Infrastructure has become a major issue in Australia, with questions surrounding how to plan it, how to deliver it, and how to operate it.
While not front and centre in the current election campaign, transportation infrastructure is critical to Australia’s future, especially given that the population is forecast to grow in leaps and bounds over the next decade.
Australia is currently undergoing a major transport infrastructure boom. Sydney has its massive WestConnex road network, two new metro lines, a new airport, and a major expansion of its light rail network. Melbourne has its metro and road projects. Brisbane, Adelaide and Perth are all expanding their rail networks. Planning for the Inland Rail network from Melbourne to Brisbane has begun.
But infrastructure developments in Australia are beset with planning difficulties, delays and cost overruns. Some point to Australia’s adversarial political system as the cause, in which the two sides of the political divide seem to take delight in disagreeing with each other. Since that isn’t going to change any time soon, how can we get a better bang for our infrastructure buck?
There needs to be a change in the way that infrastructure is delivered in Australia. Once a world leader in the planning and management of infrastructure, Australia has fallen off the pace. We have not kept up with world’s best practice. So after 25 years of continued economic growth, have Australian infrastructure owners become complacent, taken their eye off the ball and delegated too much responsibility?
In 2016, do infrastructure owners really own? We’re not talking about the physical ownership of the infrastructure at commissioning so much as the ownership of policy, process, standards, formats, data and the ability to capture and reuse information created during design and construct later across the complete life of the asset. Ownership means coordinating the design and construct phases of infrastructure projects (five to 20 per cent of time and cost) with the much longer operate and maintain phases (80 to 95 per cent of time and cost). In Australia, the two phases are more often than not separated, with regularly publicised and disastrous consequences for the public purse.
If you build it, then you’ve got to operate and maintain it. That should focus the owners’ mind very early, to invest in the process of helping shape the construction of efficient and maintainable infrastructure. Value created in the design and build phases needs to be stored where it can be easily accessed and where ongoing changes can be maintained to retain value and relevance.
The way things currently work in Australia, the vast majority of infrastructure projects are designed and constructed without any significant input from those who will operate and maintain that infrastructure. Often, the whole project is simply handed across at completion without supporting data that is easy to reuse or available in a way that ensures efficient ongoing operation and maintenance.
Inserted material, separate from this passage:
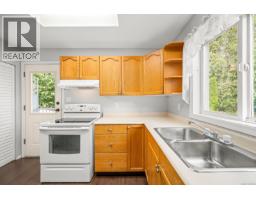 B 2221 Embleton Cres, Courtenay, BC V9M8W9 Photo 14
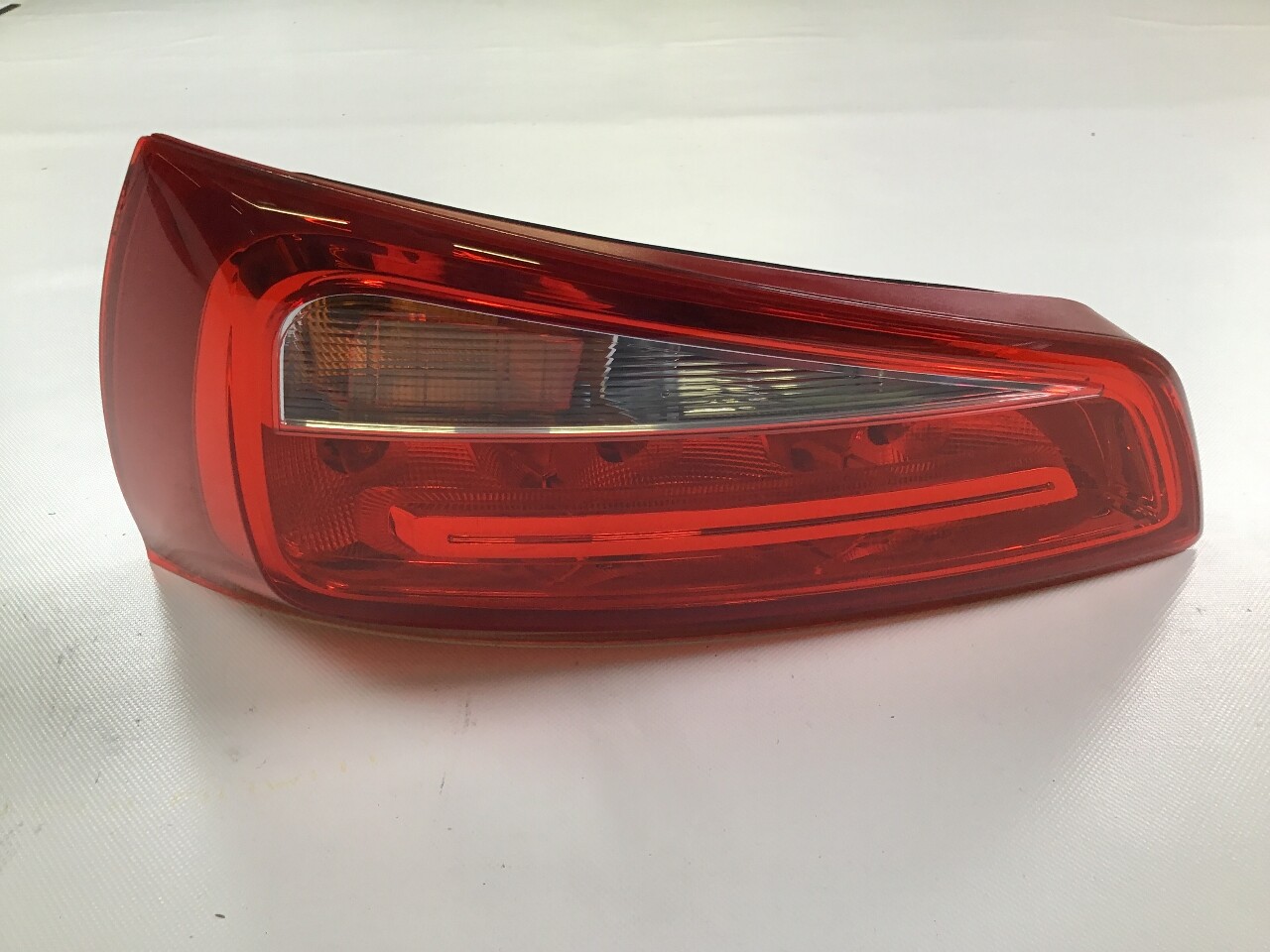 激レア】AUDI A1 8X 純正オプション クリアテールランプ 激レア】AUDI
If you don’t have the critical information from the design and construct phase, it is very difficult to make the best operational and maintenance decisions – and that is where the real costs are incurred, as infrastructure lasts a long time.
Many other industries, such as power generation and oil and gas, are well advanced in managing their total expenditure on assets across CAPEX and OPEX, perhaps because they have more of a long-term commercial focus than what is usually found in the public sector.
What we are really talking about is whole-of-life asset information management. A term that’s used broadly and often incorrectly around this capability in Australia is building information modelling or BIM. In other industries, this is called asset life cycle information modelling (ALIM), master data management (MDM), enterprise information management (EIM), or digital engineering (DE).
Whatever the name used, they refer to the same thing. The creation of a digital resource of reliable information supporting decisions from initial conception to final disposal of a facility or asset, founded on open standards for interoperability and integration.
Australia can reclaim its leadership, but we have to change. There are multiple reasons given on why changing how we deliver infrastructure projects is difficult – “it will cost more,” “we have always done it this way,” “we don’t use those tools,” “it’s not our IP,” “we can’t tell the market what to do.”
There is empirical evidence showing that, when it comes to infrastructure delivery, the existing system is broken; with an average cost overrun of 139 per cent and benefit under achievement of 10 per cent, what further incentive do we need to drive change?
By adapting BIM for the Australian market and creating a digital copy of the physical infrastructure for the operator at commissioning, every project’s construction and operation can be fully integrated in terms of its information management.
It’s true that connecting all the different disciplines is a challenge. The appetite in Australia among the engineering community to do this is huge, but it needs leadership. It boils down to the fact that the owners need to own. The owners and managers of our infrastructure need to demand ownership of all of the important information about their infrastructure. They shouldn’t delegate this responsibility.
We are not building infrastructure for the sake of building infrastructure – we are building it for an outcome for the people who use it and pay for it. The investment in infrastructure is huge, and so is the amount of money that can be saved by adopting an integrated management strategy, through whole of life BIM, not just Level 1.
It is a challenge, but made less so by the fact that the way forward is clear. Adopt, adapt, improve. Adopt what is working elsewhere, adapt it to the Australian market, and improve it by applying Australian expertise to the challenges that are unique to Australia.